Manifestement, malgré la modification de l’inclinaison de la colonne de direction (24,7° au lieu de 25,1°), cette Tuono est taillée pour les routes aux longues courbes.  Si l’Aprilia négocie mieux les enchaînements de direction que la version précédente, elle est encore loin de l’agilité que peut offrir, par exemple, une KTM Super Duke dans les ronds-points ou les pif-paf plus techniques.

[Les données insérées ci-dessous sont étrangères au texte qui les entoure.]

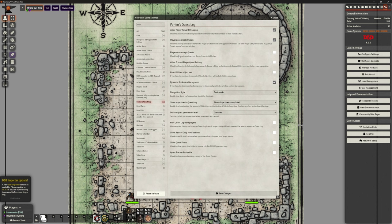'Players can accept quests' — check to allow players to accept quests from the available tab. I'm literally guessing, but the way that would work is if you decide to put up a job board and there's a series of jobs, you're basically saying the players can go 'we're going to do that one' and pick their own quests, which will automatically activate them as accepted quests rather than just being in the list. You may also choose to not allow the players to do that and do them manually yourself. I'm going to click that on.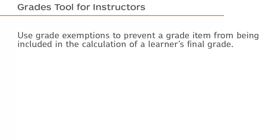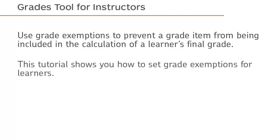Use grade exemptions to prevent a grade item from being included in the calculation of a learner's final grade. This tutorial shows you how to set grade exemptions for learners.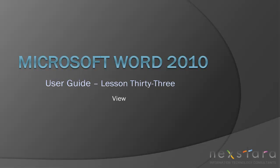Welcome to Next Stara TV, a free resource that uses video tutorials to explain IT topics. My name is Emily and today's video is Microsoft Word 2010 User Guide Lesson 33, View.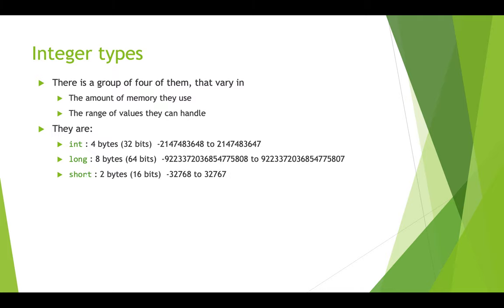There's also a type called short, which only handles two bytes or 16 ones and zeros, and that ranges from negative 32,000 approximately to positive 32,000. And then there's also a byte, which is only one byte, it's eight bits, and that can only handle the numbers negative 128 up to 127.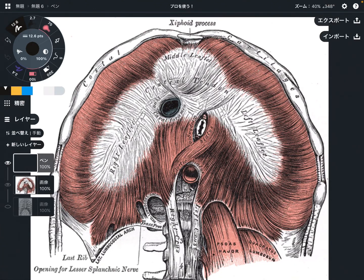In this video, I am going to explain the anatomy of the diaphragm. Let's look at its attachment — its origin and insertion.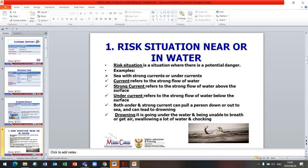When we refer to a current, we refer to the strong flow of water. A strong current refers to a strong flow of water above the surface, while an undercurrent refers to the strong flow of water below the surface. Both a strong current and an undercurrent can pull a person down or out to sea and can lead to drowning. You must not underestimate the current, even if it seems small — it can take you and kill you.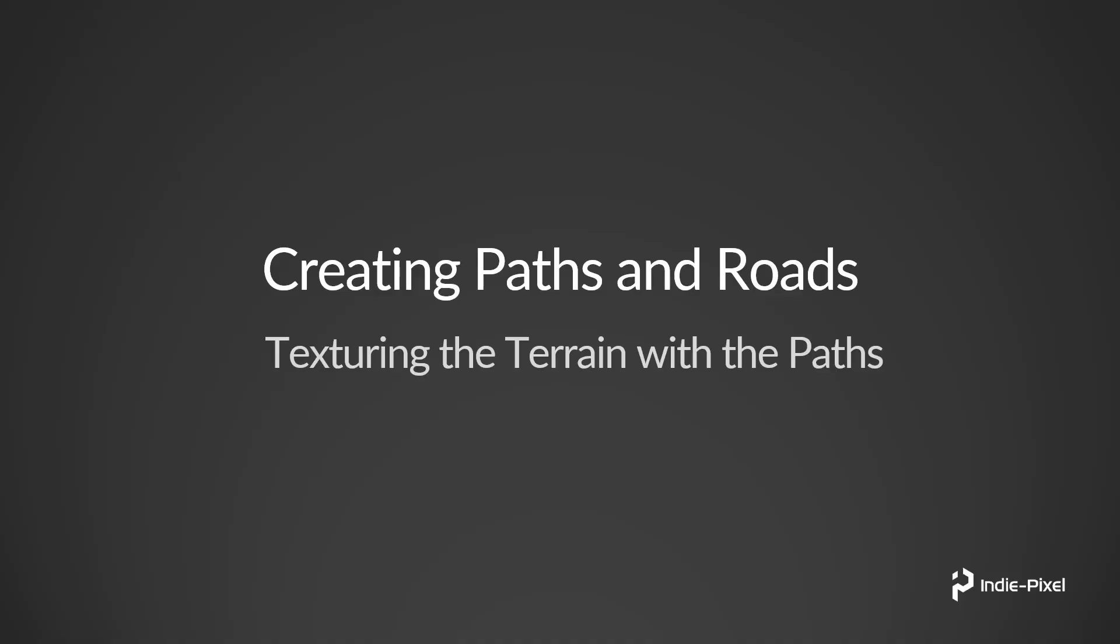Alright, so let's finish up this section and get the terrain texture to actually be a little bit different where the path is. This is really kind of just a recap of how we did the texturing in the first place. So let's jump into Houdini and take a look.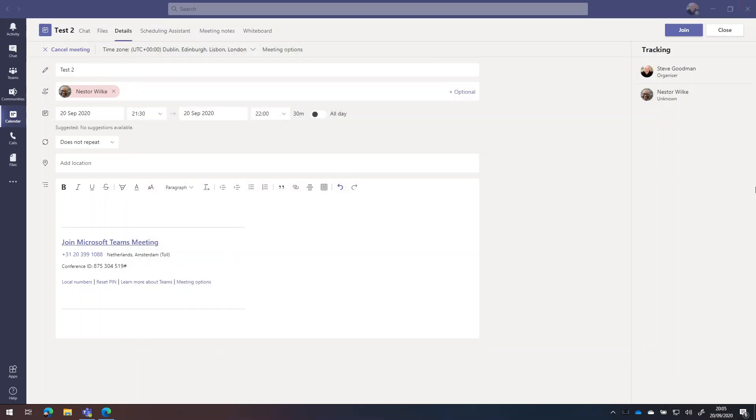So that is Microsoft Teams meetings. Thank you for watching the video today. Don't forget to like or subscribe to practical365.com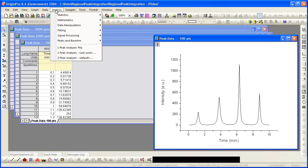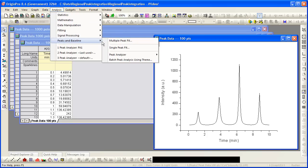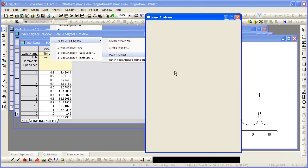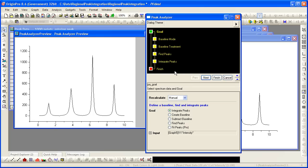I will go to the analysis menu, select peak and baseline, peak analyzer, and open the dialog to begin the analysis.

Le châssis, un double poutres en aluminium, reste rigide et encaisse bien les multiples bosses que j’ai dû affronter. À vitesse élevée, ce châssis est plutôt énergique. Sincèrement, au vu des conditions de cette prise de contact et du faible kilométrage couvert, donner un avis objectif quant au réel potentiel de l’Aprilia Tuono V4 1100 RR se révèle compliqué. Mais ce qui est certain, c'est que cette moto, belle, attrayante, bourrée de chevaux, n'est sans doute pas à mettre entre n’importe quelles mains. La Tuono exige clairement de son pilote une pratique certaine de la puissance. Expérience requise donc. Mais les premières impressions laissent entrevoir un évident potentiel capable de rivaliser avec ses concurrentes directes.

 


Deux versions

En plus de la version de base testée, Aprilia propose une série «Factory» encore plus élaborée. On y retrouve une suspension Öhlins en lieu et place du montage Sachs et des coloris spécifiques mariant très joliment le noir, le gris et le rouge alors que la «Standard» est livrable en bleu (la plus belle à mon goût) ou en gris. La différence de prix reste toutefois minime puisque la version de base sera à vous dès à présent pour 15.125€, contre 16.950€ pour la Factory.

Un essai signé Fred Pelletier publié dans le Moto 80 n°775 de juin 2015.